The Governing Principles
[95] The principles governing appellate review of claims of misapprehension of evidence are well established in our jurisprudence.
[96] A misapprehension of evidence includes a mistake about the substance of evidence, a failure to consider evidence relevant to decide a material issue, or a failure to give proper effect to evidence: R. v. Morrissey (1995), 22 O.R. (3d) 514 (C.A.), at pp. 217-218.
[97] For a misapprehension of evidence to vitiate a conviction on the ground of a miscarriage of justice, the misapprehension must have to do with the substance of the evidence, not merely its details. The misapprehension must be material, not merely peripheral, and the error must play an essential part in the reasoning process leading to conviction, not just in the narrative of the judgment: R. v. Lohrer, 2004 SCC 80, [2004] 3 S.C.R. 732, at para. 2 . An error in the assessment of evidence amounts to a miscarriage of justice only if striking it from the judgment leaves the reasoning leading to the finding of guilt on shaky ground: R. v. Sinclair, 2011 SCC 40, [2011] 3 S.C.R. 3, at para. 56 .
The Principles Applied
[98] In my respectful view, this ground of appeal fails. As I will explain, the claims of misapprehension advanced here, whether considered individually or in combination, simply do not ascend to the stringent threshold required to warrant our intervention.
[99] First, the evidence about L.S.’s Grindr profile.
[100] The reasons of the trial judge include two references to the “tribes” included in L.S.’s Grindr profile. Each refers to “twink” and another tribe with interest in older men. The profile itself was not tendered or filed as an exhibit.
[101] The initial reference to “another tribe, being older men” appears under the heading “Background”. This is a narrative part of the judgment. It informs no part of the reasoning process leading to conviction. The second reference is contained in a summary of the appellant’s testimony at trial, recounting the factors upon which the appellant relied on to found his belief that L.S. was 18. The reference is faithful to the appellant’s testimony that the designation of a “tribe” reflected the account holder’s sexual preferences, “things that you’re interested in.”

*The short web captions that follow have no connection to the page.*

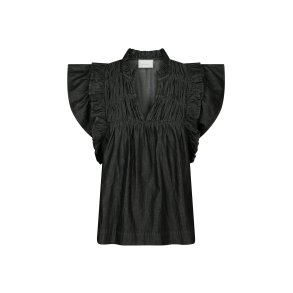 NEO NOIR JAYLA DENIM TOP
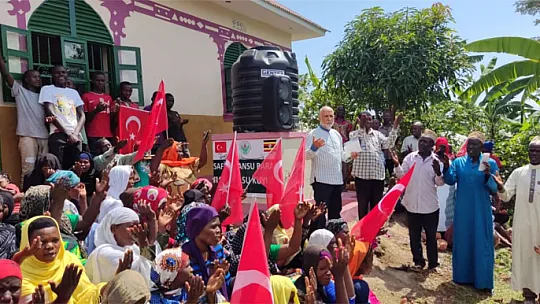Siirt Vakfı'nın Afrika'da Açtığı 500 Kişilik Medrese Faaliyete Geçti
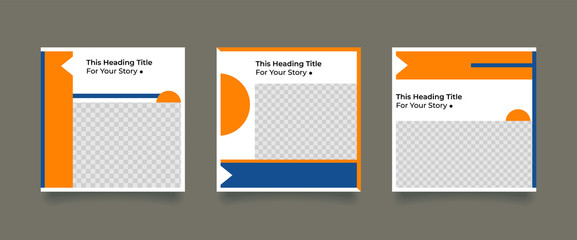 Unique Editable modern Social Media banner Template.Promotional web banner for social media. Elegant sale and discount promo. Fashion and lifestyle blog templates, web banners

[102] To the extent that the submission about misapprehension of evidence is grounded on a mistake about the substance of this evidence, the argument fails.
[103] Nor am I persuaded that the omission of references to the acceptance by others of L.S.’s representations that he was 18, or that he had used fake identification in the past, contaminated the judge’s conclusion that the appellant failed to take all reasonable steps to ascertain L.S.’s true age.
[104] The evidence was of doubtful admissibility – at least to the extent that it consisted of a witness reporting what others had said about acceptance of L.S.’s age-related representations as evidence of actual acceptance, or L.S.’s possession or use of false identification. It would appear to offend the hearsay rule and fall well short of admission by exception. Even received as non-hearsay, there was no evidence that it formed part of the appellant’s consideration. Similar admissibility concerns emerged when L.S. was asked in cross-examination whether others accepted that he was 18. That they did so was scarcely something about which he could testify, all the more so when the circumstances of such acceptance were not disclosed.
Disposition
[105] For these reasons, I would dismiss the appeal.
Released: “MJF” August 24, 2021 “David Watt J.A.” “I agree. Fairburn J.A.” “I agree. Grant Huscroft J.A.”